- **EXERCISE**: Under this line is a listing; return exactly the lines starting at the one with "Bearded man scraping" and running down to the one with "Wide interior view", and leave out its pictures.

- **PROVIDED RECORDS**:
----------------

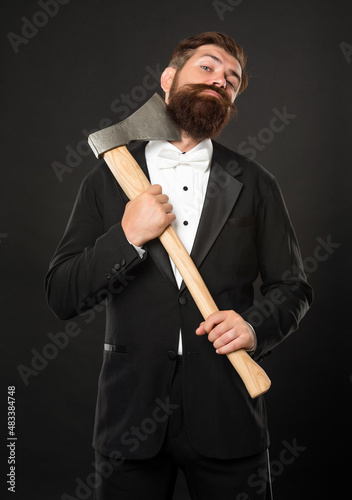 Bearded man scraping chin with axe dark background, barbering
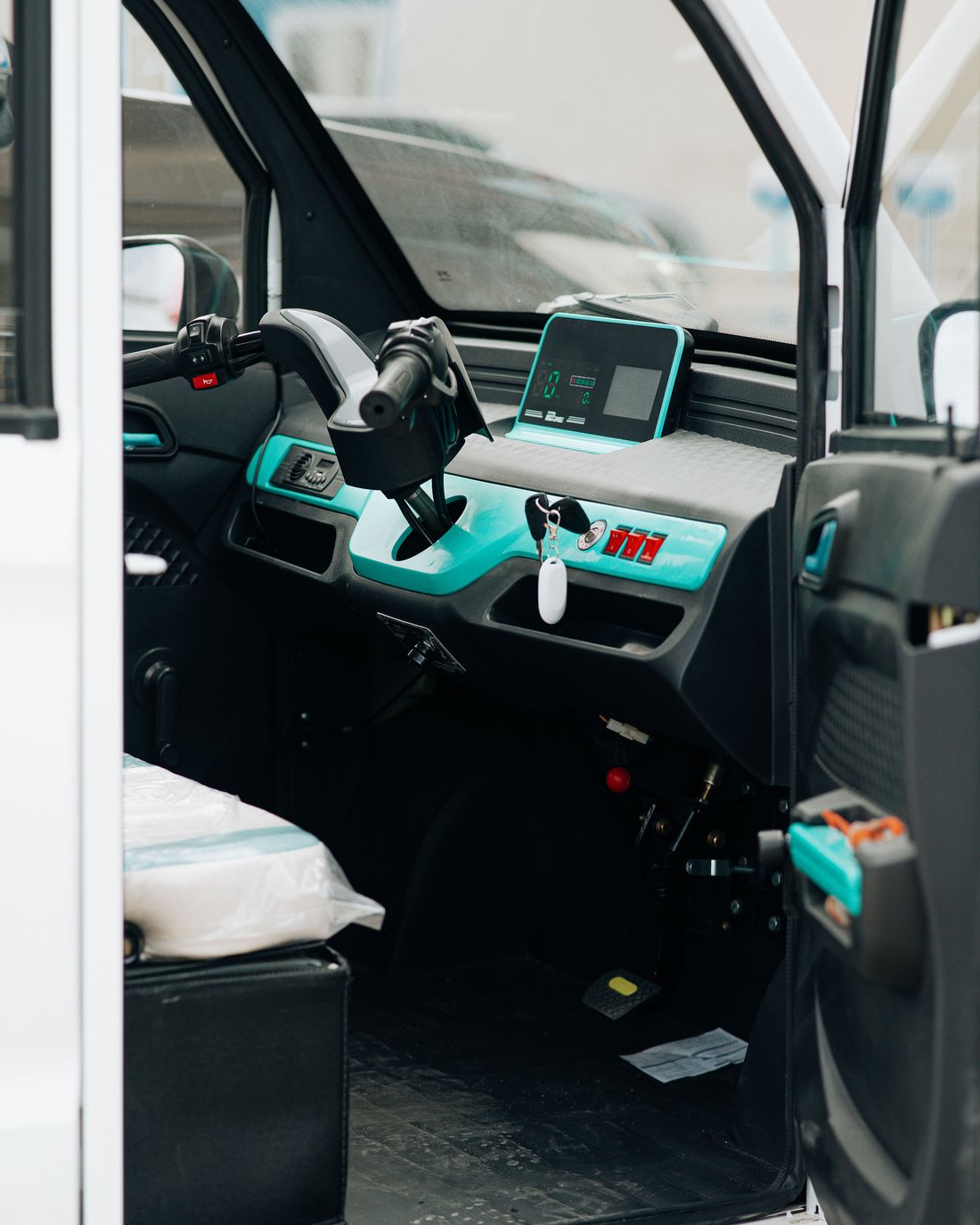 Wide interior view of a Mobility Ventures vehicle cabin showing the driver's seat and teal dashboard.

----------------

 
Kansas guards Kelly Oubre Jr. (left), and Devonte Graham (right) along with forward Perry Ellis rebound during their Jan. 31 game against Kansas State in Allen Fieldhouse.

----------------

- **SOLUTION BELOW**:
 Bearded man scraping chin with axe dark background, barbering
 Wide interior view of a Mobility Ventures vehicle cabin showing the driver's seat and teal dashboard.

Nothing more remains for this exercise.